Collective Ownership

The idea of collective ownership is at the core of DAOs. DAOs are not meant to be owned by a handful of founders and investors, rather the community which forms its essence. This notion of collective ownership works because everyone is a stakeholder (through tokens) and no single person is in the custody of funds and a decision-maker (except in case of the treasury multi-sig itself). Ownership determines incentives and motivates users to contribute to products in more profound ways, be it with ideas, development, design, legal or community building. For the last decade, we’ve lived in a period in which ownership has been concentrated among a few centralized organizations, which decided the end-user relationship. DAOs represent a new framework for organizational culture, where ownership is reclaimed and redistributed in the hands of the community that built it. Examples like PleasrDAO fractionalizing the Doge meme, ConstitutionDAO raising upwards of $40 million to buy a copy of the U.S. Constitution, or AssangeDAO raising money for the liberation of Julian Assange suggest templates for new models of ownership. Some more examples of how next-generation platforms are driving an ownership economy:

Gitcoin is a platform that enables developers to get paid for working on open source projects.

Seed Club is a social token incubator that’s focused on helping creators launch and grow social tokens

Friends with Benefits is a social DAO and community that is 100% owned and governed by the participants

SuperRare, an NFT marketplace that distributed tokens to its artists and collectors, who will govern curation, the DAO treasury, and future product direction.

ObscuraDAO provides photographers with commissions to produce their envisioned projects, a community, grant opportunities, and educational resources to help them explore NFT photography.

DeveloperDAO exists to accelerate the education and impact of a new wave of web3 builders.


We need a fully interactive and collaborative DAO ecosystem for DAOs to truly revolutionize how we work and coordinate. Many DAOs share common goals, but they currently act in isolation and lack the tools to collaborate. Building and improving the tools and platforms for DAO communities to work together will have immense impact and produce powerful interactions between DAOs. Many DAOs are emerging, which provide the tools for DAOs to communicate and coordinate like Prime DAO. But we are still in the very early stages of this revolution. There are many great examples available that showcase D2D collaborations:

Figure 4: D2D collaborations
Figure 4: D2D collaborations


Coordination failure occurs when a group of humans could achieve a desirable outcome by working together but fail to do so because they don’t coordinate their decision making.

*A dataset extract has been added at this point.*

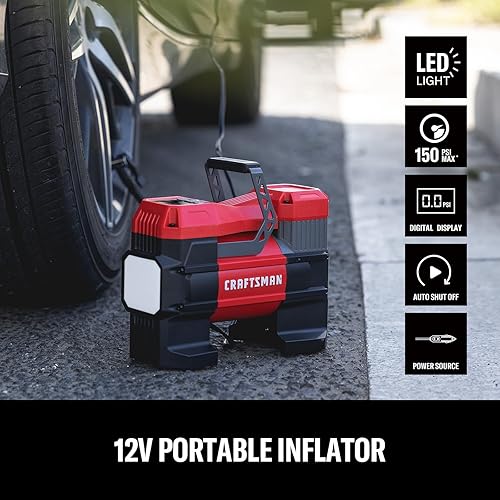 Miniatura 2 de CRAFTSMAN Inflador de neumáticos portátil de 12 V, bomba de compresor de aire digital con indicador y luz LED, apagado automático de 150 PSI, bomba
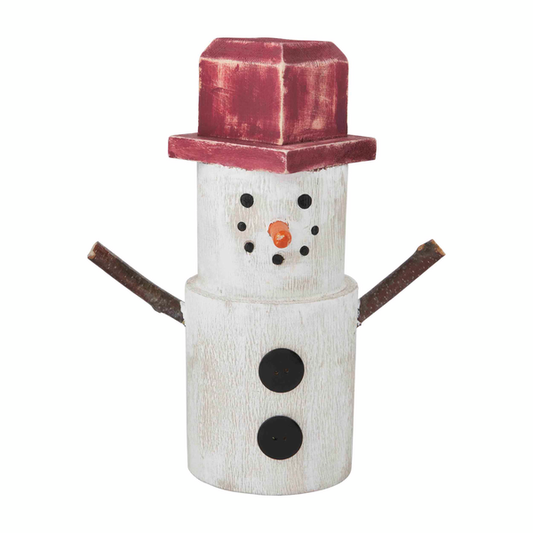 Mudpie Small Wood Snowman Sitter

But with the advent of blockchain technology, we can now program our values into our system with trustlessly using smart contracts, allowing us to coordinate with multiple actors and, therefore, solve coordination failures. DAOs are horizontal organizations with very few command and control structures. Members rely on smart contracts as the primary glue to facilitate economic transactions and social interaction. It is essential to have defined values embedded into smart contracts, especially regarding governance, treasury, onboarding newcomers, etc., to have good coordination between members. To ease the process of coordination, DAOs need better software tools that support governance, software collaboration, treasury management, access and many more.

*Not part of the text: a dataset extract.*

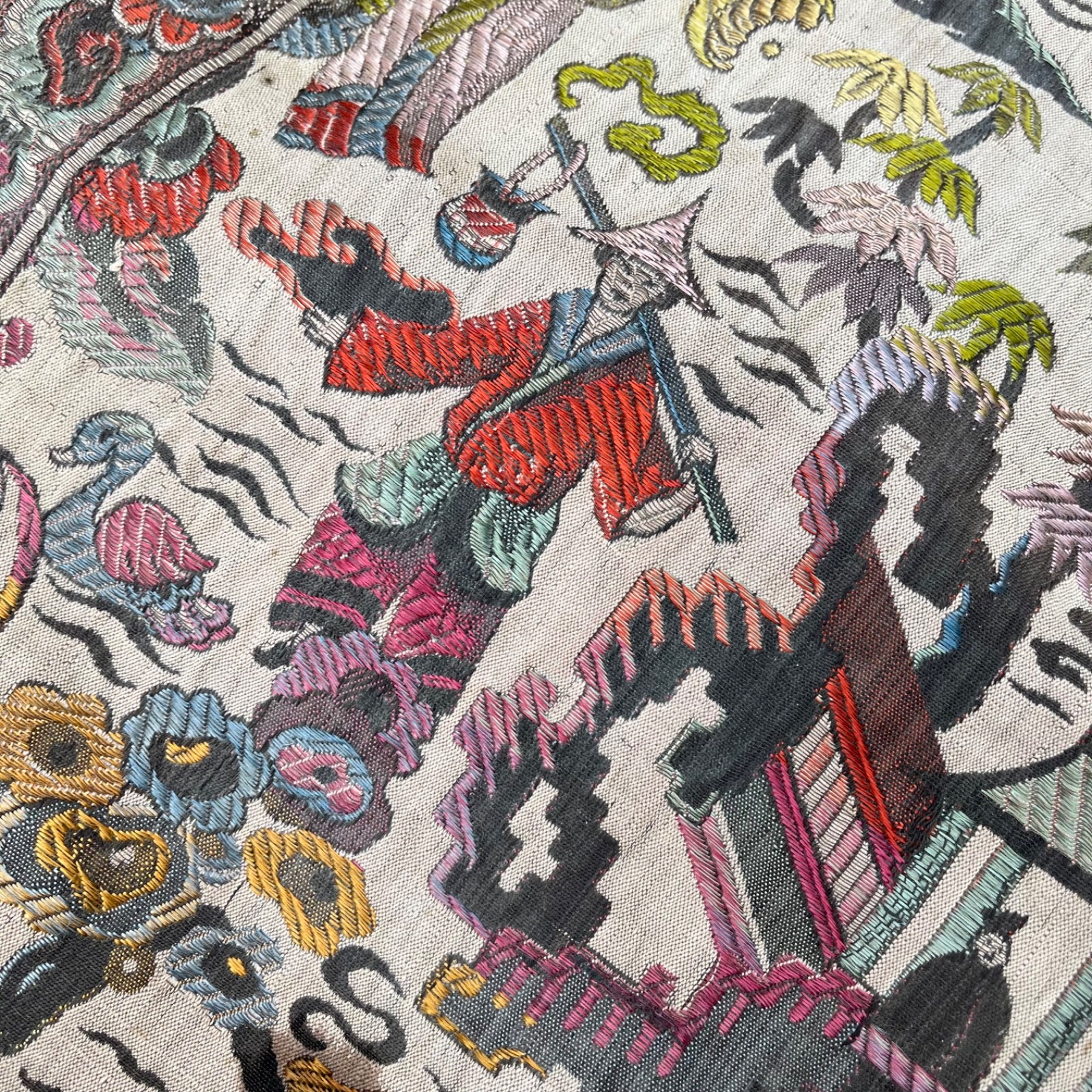 Vintage Asian Silk Hand Embroidered Textile 48 x 17 Panel Runner Pagoda Scene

Figure 5: Check out this infographic of the DAOs ecosystem
Figure 5: Check out this infographic of the DAOs ecosystem

Parting Thoughts

DAOs are a paradigm shift over traditional companies in many ways as they are global from the get-go, permissionless to join or contribute, and smooth in many processes such as community building, onboarding newcomers and real-time compensation. While there are plenty of kinks in this process today, there’s every reason to believe they will be ironed out over time. Ultimately, the success of the DAOs lies in the unique synergy and harmony between its smart contracts and the community. We still have a long way to go to see these DAOs be completely efficient and genuinely decentralized. As with all technological advances, DAOs will continue to grow bigger, stronger, and more diverse.